Los investigadores de seguridad Ian Carroll y Sam Curry han descubierto involuntariamente un importante error de seguridad en el chatbot de IA de McDonald’s, solía contratar nuevos empleados, mientras intentaba piratear el respaldo. Su experimento, realizado el 30 de junio, condujo a revelaciones alarmantes con respecto a la vulnerabilidad de la plataforma de reclutamiento de McDonald’s.
Durante su interacción con ‘Olivia’, el asistente de recuperación de IA descubierto por Paradox.ai, Carroll y Curry un inicio de sesión para acceder al personal en el sitio MCHire.com. Este descubrimiento fue llamado a su atención por un puesto de Reddit en el cable R/Lichtinfuting que enfatizaba las frustraciones con el proceso de reclutamiento de la IA de McDonald’s.

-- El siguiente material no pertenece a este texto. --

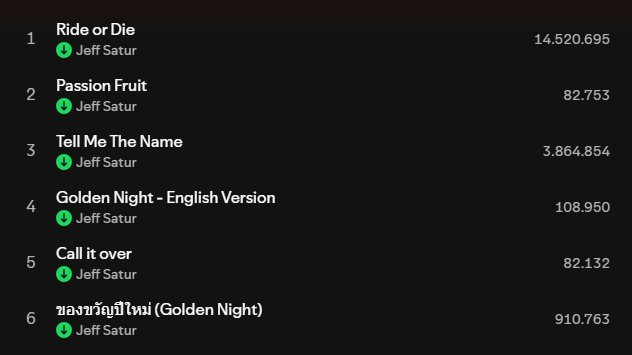 radiocodesaturn's tweet image. 🟢Spotify Update For Our Focused Playlist

RG-Day 4
■Passion Fruit: 82,753(24,793)
■Golden Night eng.ver: 108,950(40,492)
■Call it over: 82,132(24,531)
■ของขวัญปีใหม่(Golden Night): 910,763(162,180)

#JeffSatur #RadioCodeSaturn #JeffSaturStation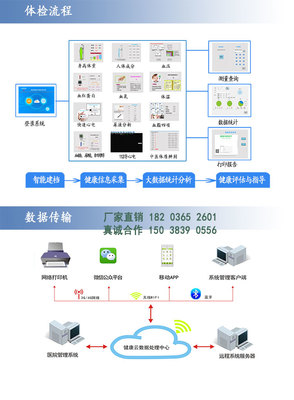 智能健康小屋與樂佳健康小屋體檢一體機信息咨詢服務解析
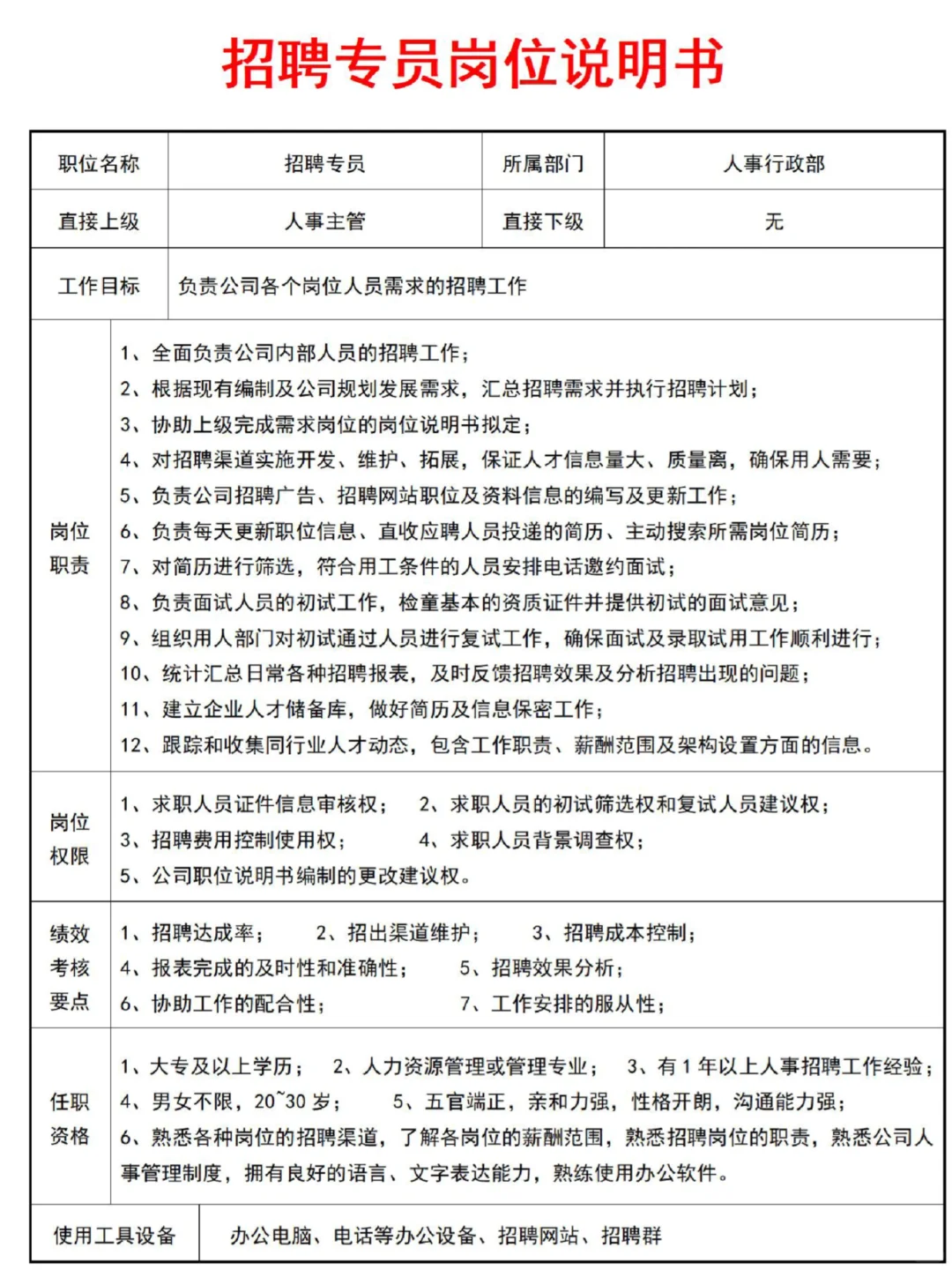人力资源部常见岗位说明书模板，必备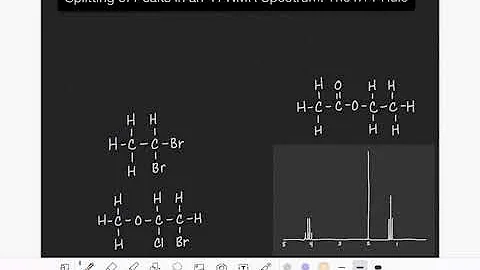 30: H-NMR splitting and the n+1 rule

En un tiempo increíblemente corto, solo media hora, la pareja adivinó con éxito los detalles de inicio de sesión, que pone en peligro la plataforma con la contraseña simple «123456». Esto les permitió obtener acceso administrativo completo, para que pudieran manipular aún más el sistema para extraer datos confidenciales, incluidos nombres, direcciones de correo electrónico y números de teléfono de los solicitantes. Las primeras estimaciones sugieren que las aplicaciones de chatbot con numeración de hasta 64 millones.
Después de sus hallazgos, Paradox.ai reconoció la infracción de la seguridad y enfatizó que los MaaS no fueron explotados por actores malignos fuera de los investigadores de la ley. Declararon que Carroll y Curry solo tenían acceso a datos relacionados con un número limitado de solicitantes para verificar la validez de sus reclamos. La compañía anunció planes para establecer un «programa de bug -bounty» como una medida para mejorar sus protocolos de seguridad.
Stephanie King, directora legal de Paradox.ai, expresó la gravedad de la empresa con respecto al incidente y declaró: «No tomamos este caso un poco, aunque se resolvió de manera rápida y efectiva».
En respuesta, McDonald’s colocó el cuadrado de responsabilidad en Paradox.AI y expresó su decepción por las medidas de seguridad de su proveedor externo. McDonald’s ha emitido una declaración que confirma que la vulnerabilidad se abordó de inmediato en el descubrimiento, fortaleciendo su dedicación a la seguridad cibernética y el cumplimiento de sus socios de protección de datos.
El incidente ha planteado preguntas críticas sobre los protocolos de seguridad en torno a las tecnologías de reclutamiento impulsadas por la IA y las responsabilidades de las empresas involucradas en el procesamiento de grandes cantidades de datos confidenciales.